And in the matter of

Filed Only Mining Claim 3018118, situate in the Township of Chabanel, in the Sault Ste. Marie Mining Division, staked by Mr. Joseph Leadbetter, to have been recorded in the name of 3814783 Canada Inc., (hereinafter referred to as the "Leadbetter Filed Only Mining Claim");

And in the matter of

Mining Lands Patent "A" 7365, dated the 27th day of May, 1953, registered as Parcel 43 Michipicoten, situate in the Township Chabanel (formerly Township 29, Range 24), in the district of Algoma, Province of Ontario, being former Mining Claim SSM-18641; and Mining Lands Patent "A" 7366, dated the 27th day of May, 1953, registered as Parcel 44 Michipicoten, situate in the Township of Chabanel (formerly Township 29, Range 24), in the district of Algoma, Province of Ontario , being former Mining Claim SSM-18642 (hereinafter referred to as "Patented Mining Claims 18641 and 18642, respectively");

And in the matter of

Subsection 44(4) of the Mining Act and Ontario Regulation 7/96, Claims Staking;

Between:

3814793 Canada Inc. and Paulette A. Mousseau-Leadbetter
Appellants

and

Pele Diamond Corporation and 2098680 Ontario Inc.
Respondents

And in the matter of

An application, pursuant to section 105 of the Mining Act, for a declaration that Mining Claim SSM-3009901 be declared invalid, and for the recording of the Leadbetter Filed Only Mining Claim;

And in the matter of

In the alternative, an appeal, pursuant to subsection 112(1) of the Mining Act, from the decisions of the Provincial Mining Recorder, dated the 20th and 24th days of April, 2006, respectively, for the recording of all or that portion of the Leadbetter Filed Only Mining Claim that does not overlap the Pele Diamond Mining Claim and includes those lands under the waters of Mildred Lake within Mining Lands Patent "A" 7365.

Order

Whereas this appeal, with documentation filed in support, was received from Mr.

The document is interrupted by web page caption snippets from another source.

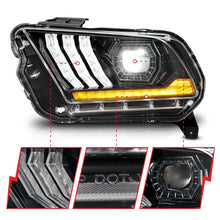 Load image into Gallery viewer, ANZO 13-14 Ford Mustang (w/ Factory HID/Xenon HL only) Projector Headlights w/Light Bar Black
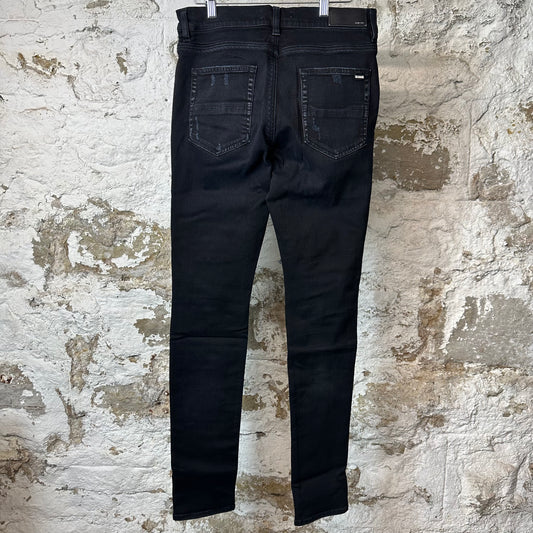 Amiri MX1 Olympic Patch Black Denim Jeans Sz 33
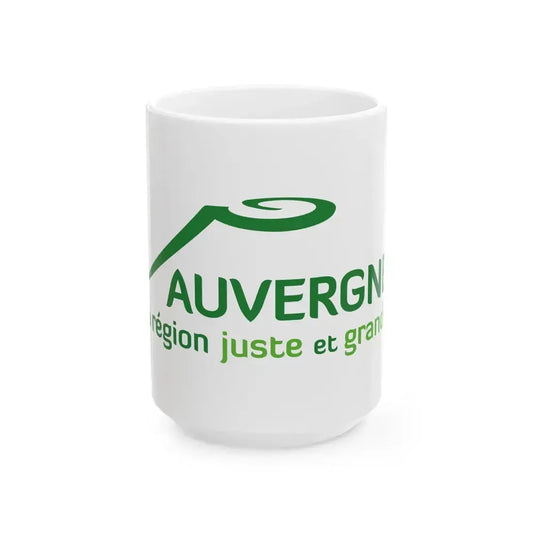 Flag of Auvergne France 2 - White Coffee Mug 15oz - Go Mug Yourself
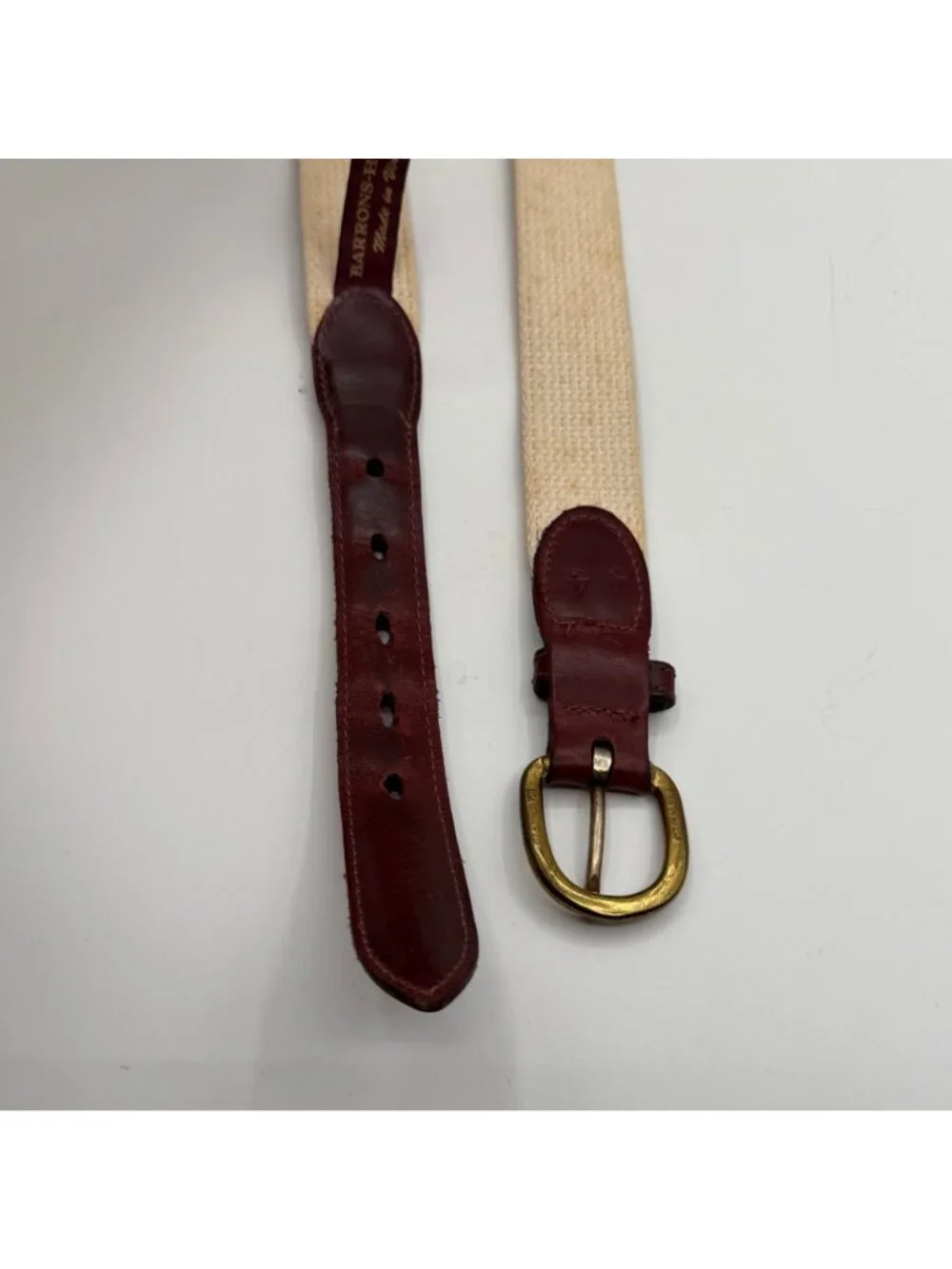 Vintage Barrons-Hunter Canvas & Leather Navy Blue Fish Print Belt Preppy Size 44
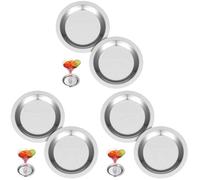 6 Pièces Sous-verres en Acier Inoxydable pour Vin Tapis de Vin Réutilisables, Dessous de Verre pour Boissons Froides, Soucoupes de Bouteille et Disque Stop Bouteille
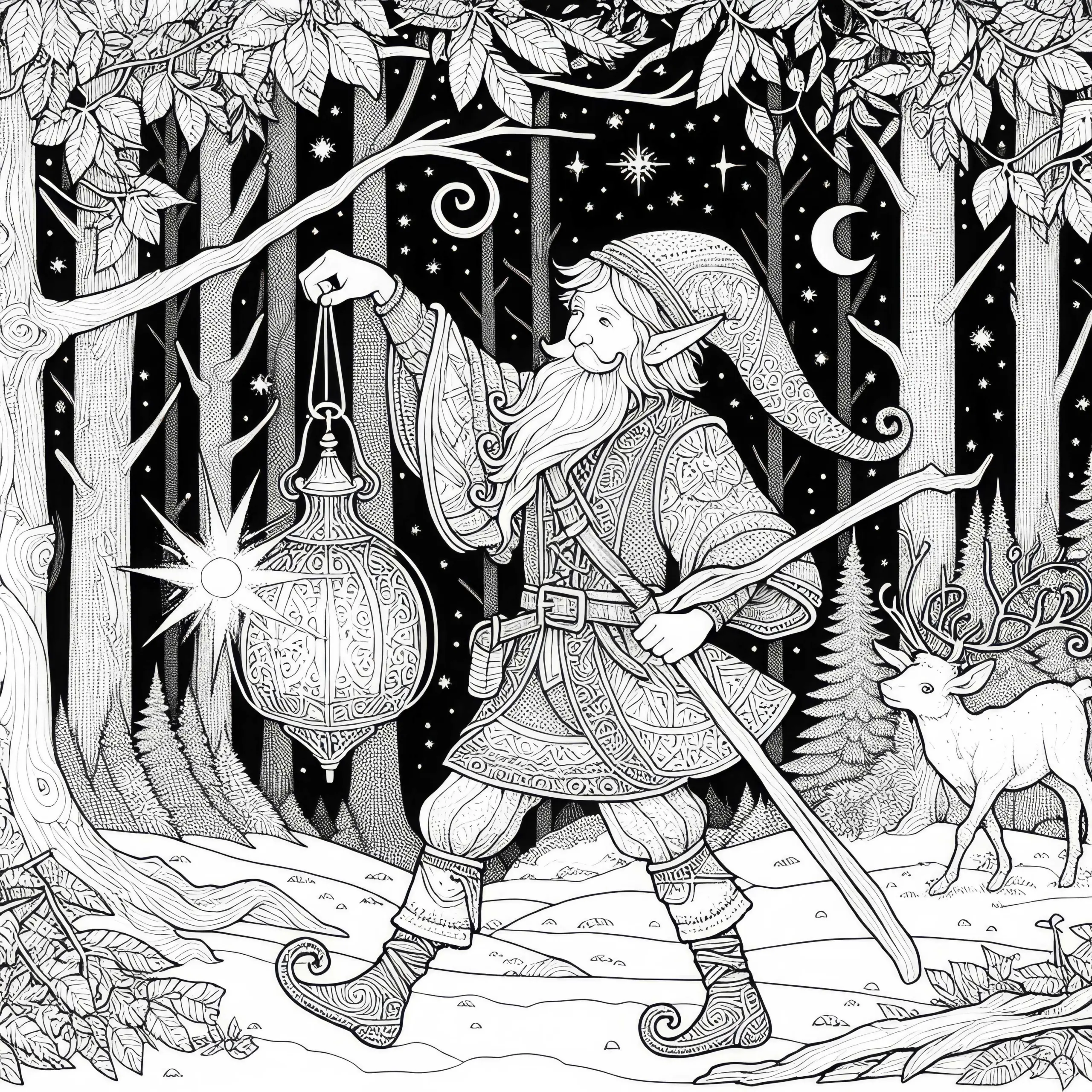 Elf tanzt mit Laterne auf Waldlichtung als Malvorlage (Kostenlos) (Ausmalbild)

Malcolm G. McLeod, initial counsel (succeeded by Mr. C. Bruce Willson) for the appellants, 3814793 Canada Inc. and Paulette A. Mousseau-Leadbetter, by this tribunal on the 11th day of May, 2006;

  1. It is ordered that the appeal from the decisions of the Provincial Mining Recorder, dated the 20th and 24th days of April, 2006, respectively, for the recording of that portion of the Leadbetter Filed Only Mining Claim 3018118 that does not overlap with the Pele Diamond Mining Claim SSM-3009901 and includes lands under the waters of Mildred Lake within Mining Lands Patent "A" 7633, be and is hereby allowed, that Filed Only Mining Claim 3018118 will be recorded effective the 20th day of April 2006 and the matter is referred back to the Provincial Mining Recorder for an Order pursuant to subsection 110(6) of the Mining Act that the posts correspond with the "thirdly" portion of the legal description and plan of survey regarding former Mining Licence of Occupation 12101 (as described in a legal document issued by the Minister of Mines on June 22, 1953) as follows:
    1. The #1 post to be located at a point along the eastern boundary of Patented Mining Claim SSM 18642 which coincides with the south eastern side of the water body which transverses that boundary at that location, being either Mildred Lake or a river system whose flow is connected with Mildred Lake;
    2. The #2 post to be located at a point along the southern boundary of Patented Mining Claim SSM 18642 which coincides with the south eastern side of the water body which transverses that boundary at that location, being either Mildred Lake or a river system whose flow is connected with Mildred Lake;
    3. The #3 post to be located a point along the southern boundary of Patented Mining Claim SSM 18642 which coincides with the south western side of the water body which transverses that boundary at that location, being either Mildred Lake or a river system whose flow is connected with Mildred Lake; and
    4. The #4 post to be located at a point along the eastern boundary of Patented Mining Claim SSM 18642 which coincides with the north eastern side of the water body which transverses that boundary at that location, being either Mildred Lake or a river system whose flow is connected with Mildred Lake.
  1. It is further ordered that the time during which this matter was pending before the tribunal, being the 20th day of April, 2006 to the 14th day of November, 2008, a total of 940 days, be excluded in computing time within which work upon Mining Claim SSM-3018118 is to be performed and filed.
  1. It is further ordered that the 16th day of November, 2010, be fixed as the date by which the next unit(s) of prescribed assessment work must be performed and filed on Mining Claim SSM-3018118, pursuant to subsection 67(3) of the Mining Act and all subsequent anniversary dates for the aforementioned Mining Claim are deemed to be November 16 pursuant to subsection 67(4) of the Mining Act.
  1. It is further ordered that the appellants, 3814793 Canada Inc. and Paulette A. Mousseau-Leadbetter and the respondents, Pele Diamond Corporation and 2098680, each pay to the tribunal the sum of One thousand four hundred and twenty-eight dollars and sixty three cents ($1,428.63) by cheque made payable to the Minister of Finance, on account reimbursement to the tribunal for their proportionate share of inspection costs of Weirmeir Land Management Services within thirty days of the date of this Order.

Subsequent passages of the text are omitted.